History is filled with individuals whose positive accomplishments have transcended the more odious aspects of their personalities and policies on the record.
Does making the trains run on time trump helping fill those trains with those bound for genocide? Most Canadians would emphatically disagree. How much leeway should we allow our historical figures and how should we deal with the disparate histories of our nation?
For those ascendant in society thanks largely to the historical advantage that they have enjoyed, through no fault of their own, they might add, it is extremely difficult to set aside the lens through which history is viewed and see things from the other side.
Sir John A. MacDonald oversaw some of the most racist policies of our nation. He wasn’t alone, the vast majority of the nation heartily agreed with him. Our nation is littered with testaments extolling slave owners, promulgators of racist policies and oppressive actions—it is the very stuff of colonialism.
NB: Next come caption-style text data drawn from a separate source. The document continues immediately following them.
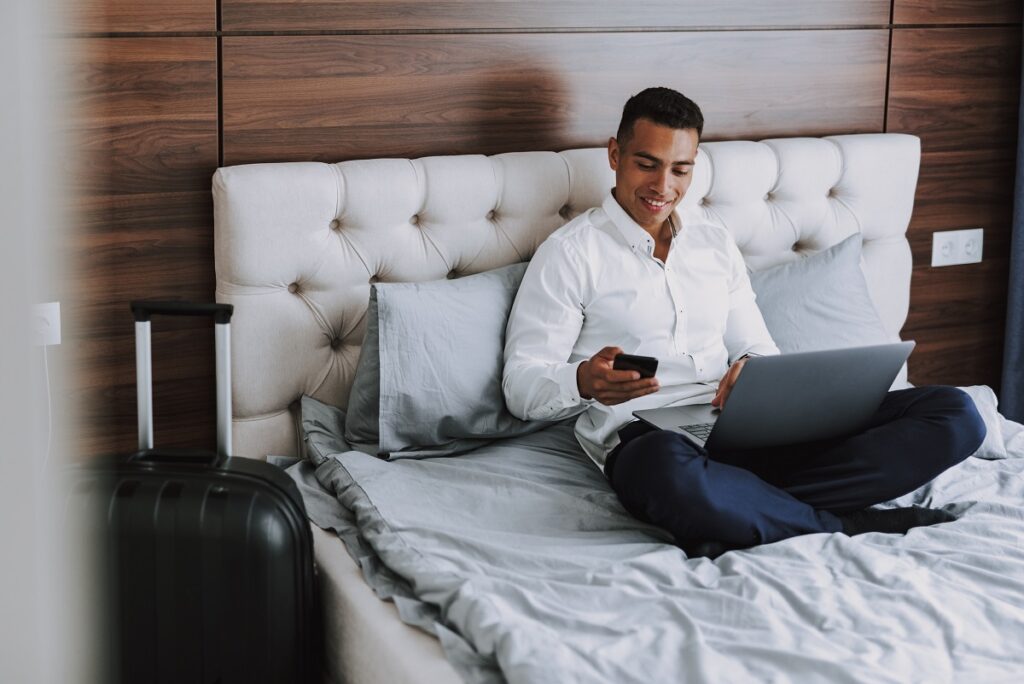 happy guests is using wifi with laptop and mobile phone in hotel room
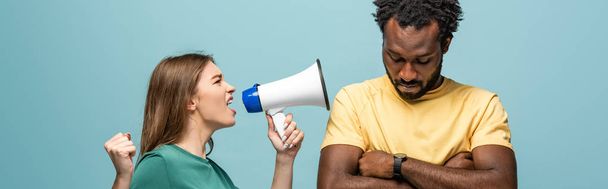 angry girl screaming in megaphone at african american boyfriend with crossed arms on blue background - Foto, imagen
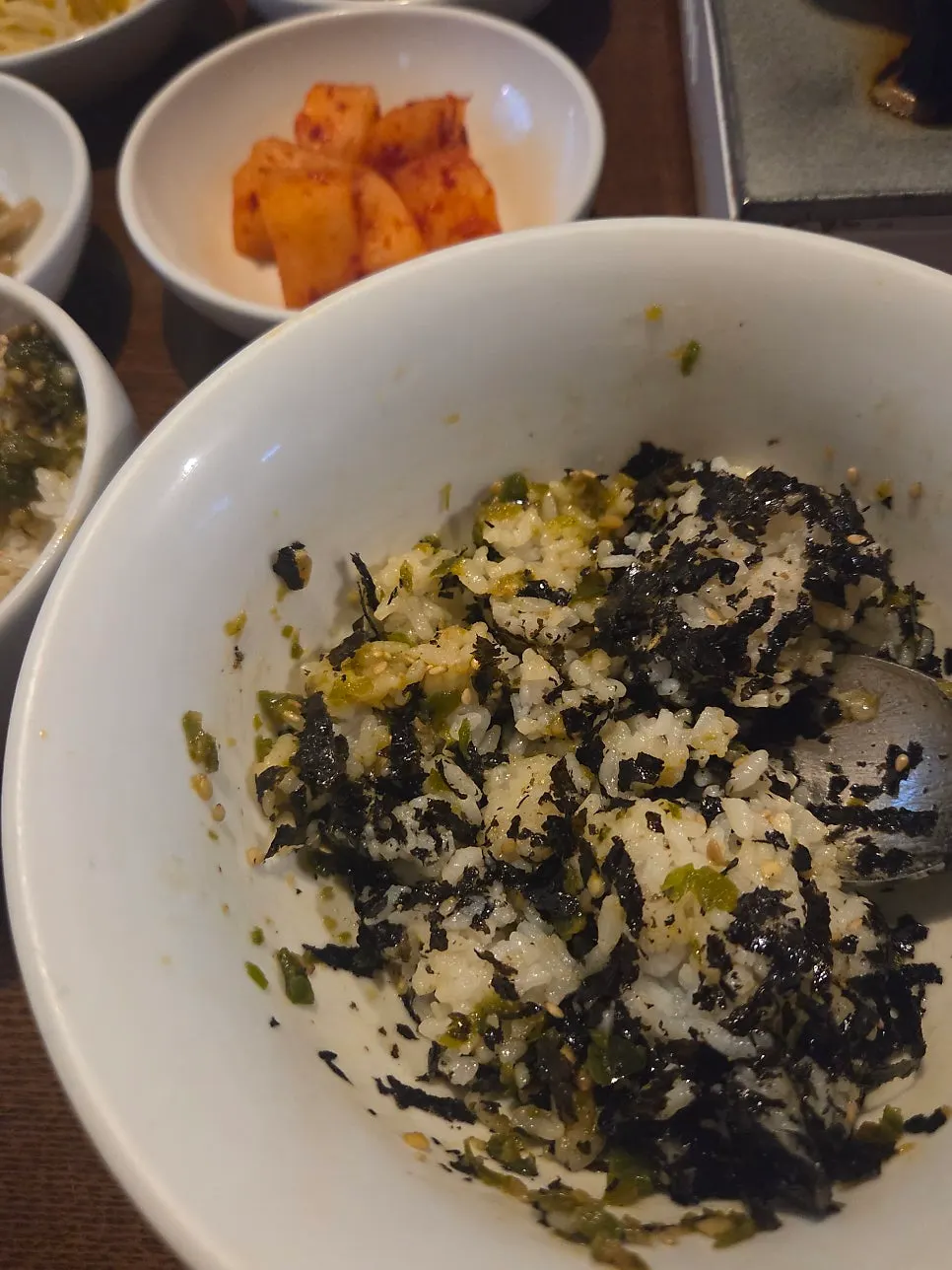 A bite of ttaengcho-bap mixed with sauce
We need to find a way to maintain the positive aspects of our history while at the same time refraining from applauding evils that have been wrought.
Tackling these issues requires adopting a larger vision, but there has never been a better or more appropriate time to have these discussions and, more importantly, to take concrete and real actions to build a more just and civil society that we can all view with pride.
Let us, as a nation, seek common ground upon which we can all stand proud of the nation we are today, remain mindful from where we have come and willing to take action to renovate the foundations from which we grow forward.